Red Hat, Inc. (RHT) offers open source software solutions for a vast range of technologies including operating systems, virtualization, management, cloud, mobile, and storage. The company offers infrastructure-related solutions through its Red Hat Enterprise Linux, Red Hat Satellite, and Red Hat Enterprise Virtualization.
It is headquartered in Raleigh, North Carolina.
Red Hat has performed extraordinarily in recent years with earnings growth of 22% per year over the last three years and sales growth of 18% per year over the same period.
The most recent quarterly report showed EPS growth of 24% and sales growth of 20%.

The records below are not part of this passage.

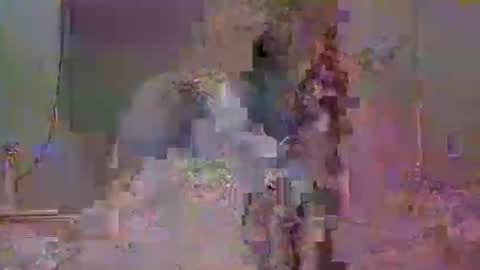 sierra_bby online show from 11, 4, 2026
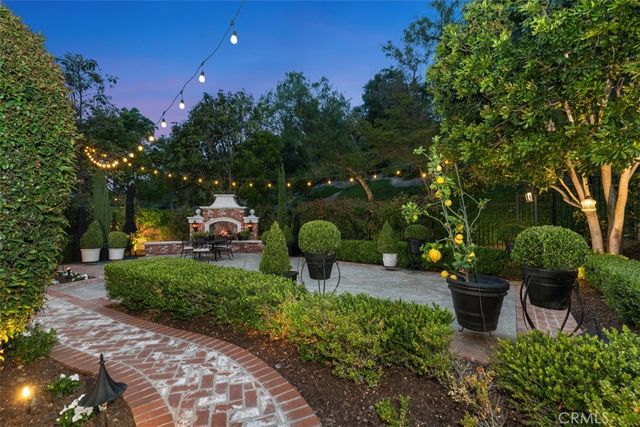 3 Blue Spruce, Ladera Ranch, CA 92694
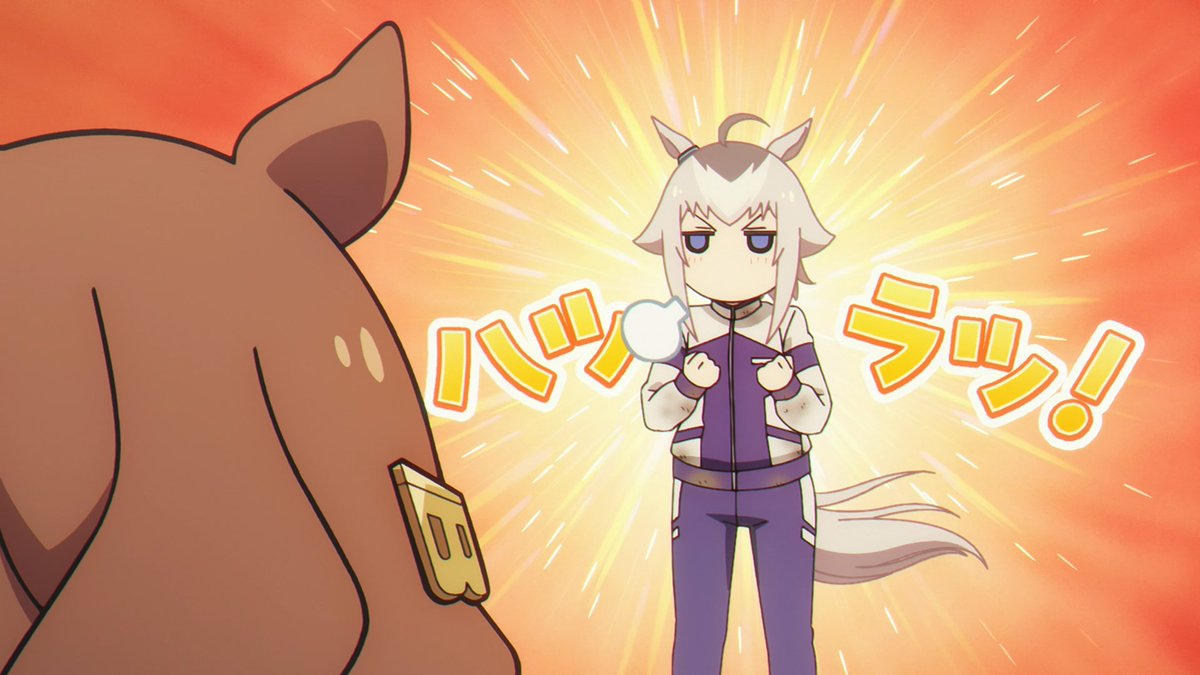 Makishima tweet media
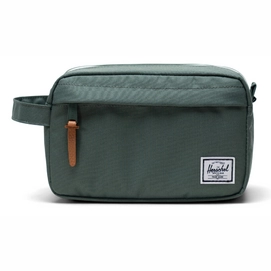 Trousse de Toilette Herschel Supply Co. Chapter 5 L Dark Forest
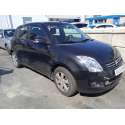 SUZUKI SWIFT BERLINA (MZ)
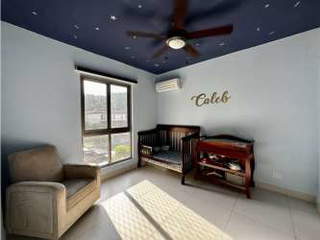 Single-family House for Sale in Panama Pacifico - 3 bedrooms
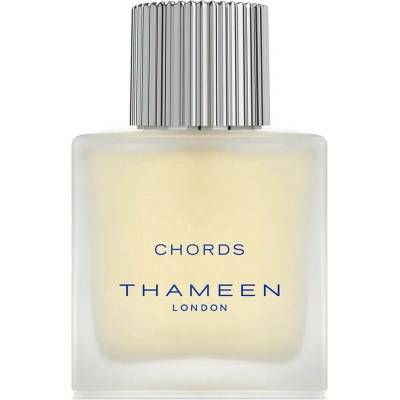 Thameen Carved Oud Kolínská voda unisex 100 ml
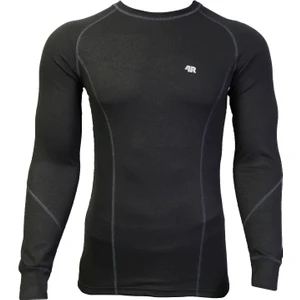 4riders Viloft Termal Üst Içlik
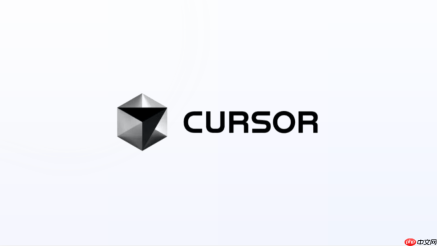 cursor代码注释怎么让ai生成中文?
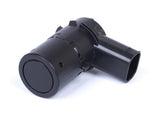 BMW Z4 E86 2006 - 2009 3.0 Si / M Ultrasonic PDC Parking Reverse Sensor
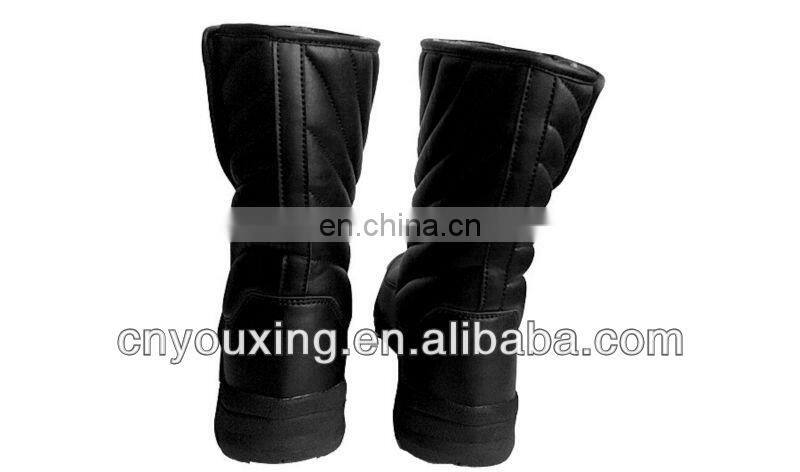 PU boots, boots for women, women boots shoes 2014
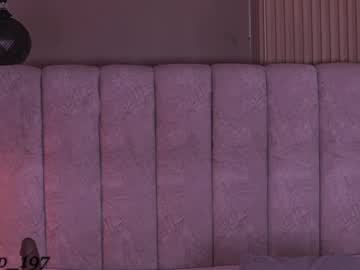 Sexshow-Bild von sara_lopee1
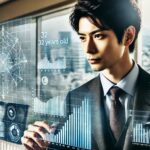成功率アップのためのベンチャー企業立ち上げの注意点とは?
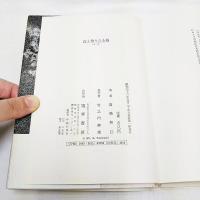 白く塗りたる墓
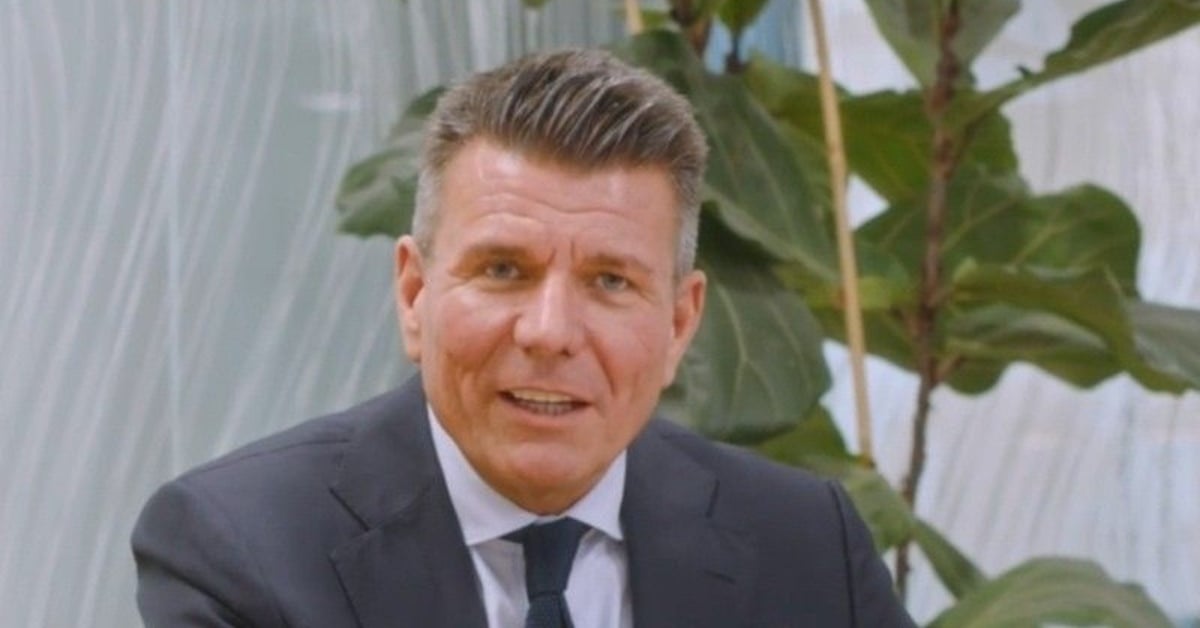 Dutch-based Solarge secures fresh funding to grow its solar panel business in Europe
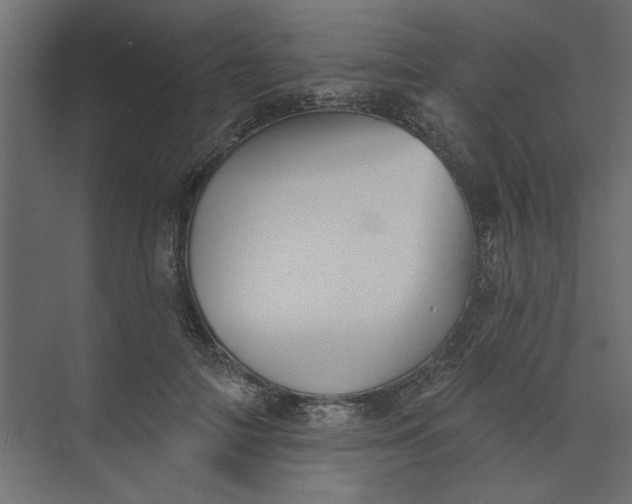 X0000073460698200608181305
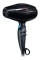 Фен BaByliss Pro BAB6980IE black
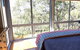 The Retreat Lodge - thumb 3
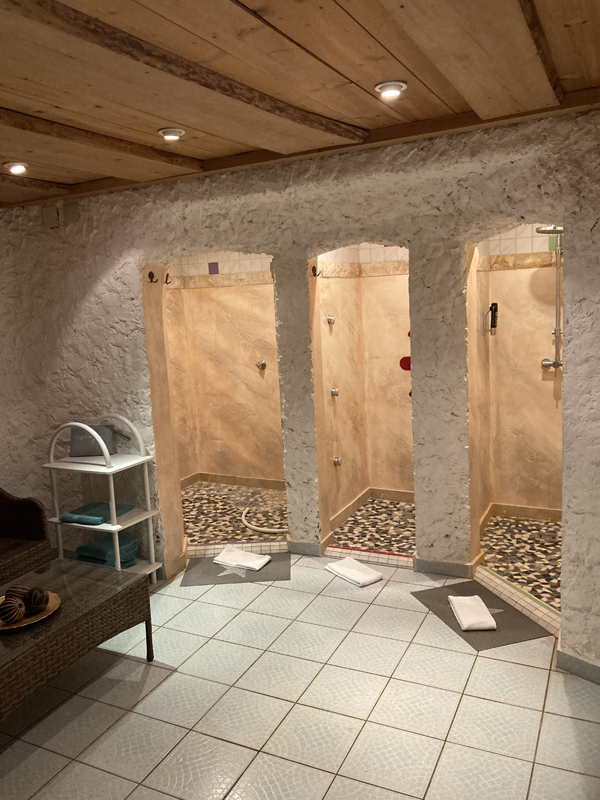 Hotel Karnischer Hof  20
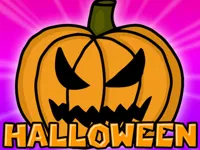 https://game.moais10.com/game/halloween-games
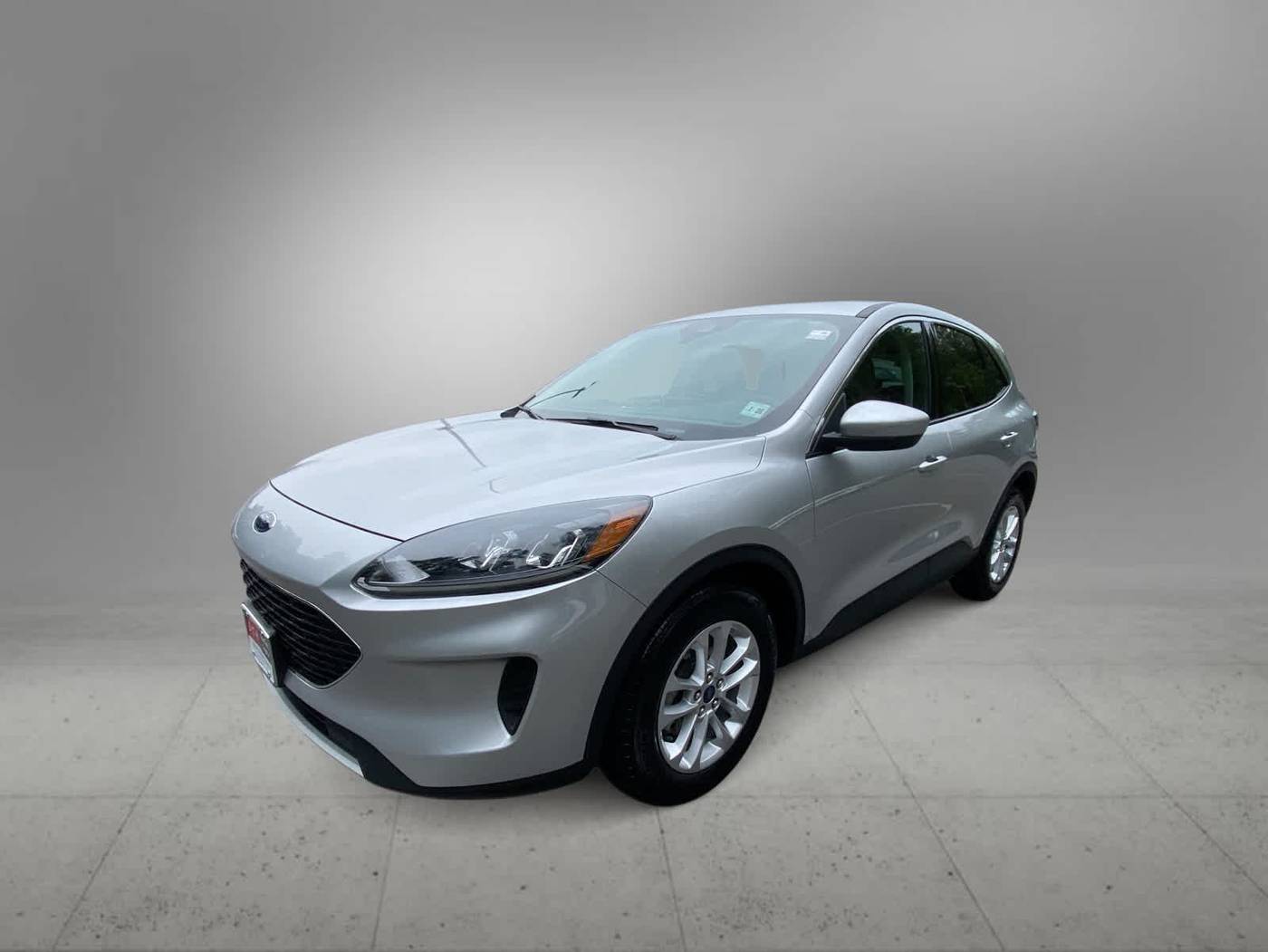 2020 Ford Escape SE — SUV — 28,320 mi — Freehold, NJ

Analysts expect earnings growth of 16.9% per year for the next five years.
The company boasts a return on equity of 39.9%, a profit margin of 24.7%, and an operating margin of 16.25%.
Red Hat dropped sharply last month after its earnings report. The company beat on EPS estimates and revenue estimates, and it announced a $1 billion stock buyback. The problem was the guidance disappointed and the expectations were just too high heading in to the report. The decline stopped at the 52-week moving average and now the stock has stabilized and bounced back a little. The stochastic readings dropped in to oversold territory and have now made a bullish crossover. The pattern looks similar to what we saw at the beginning of 2017 and after that stretch the stock gained 100% in just over a year.
Suggested strategy: Buy RHT with a maximum entry price of $150. I would set a target of at least $225 over the next 12 months (for a potential return of 50%-plus from current prices). I would suggest a stop loss at the $130 level.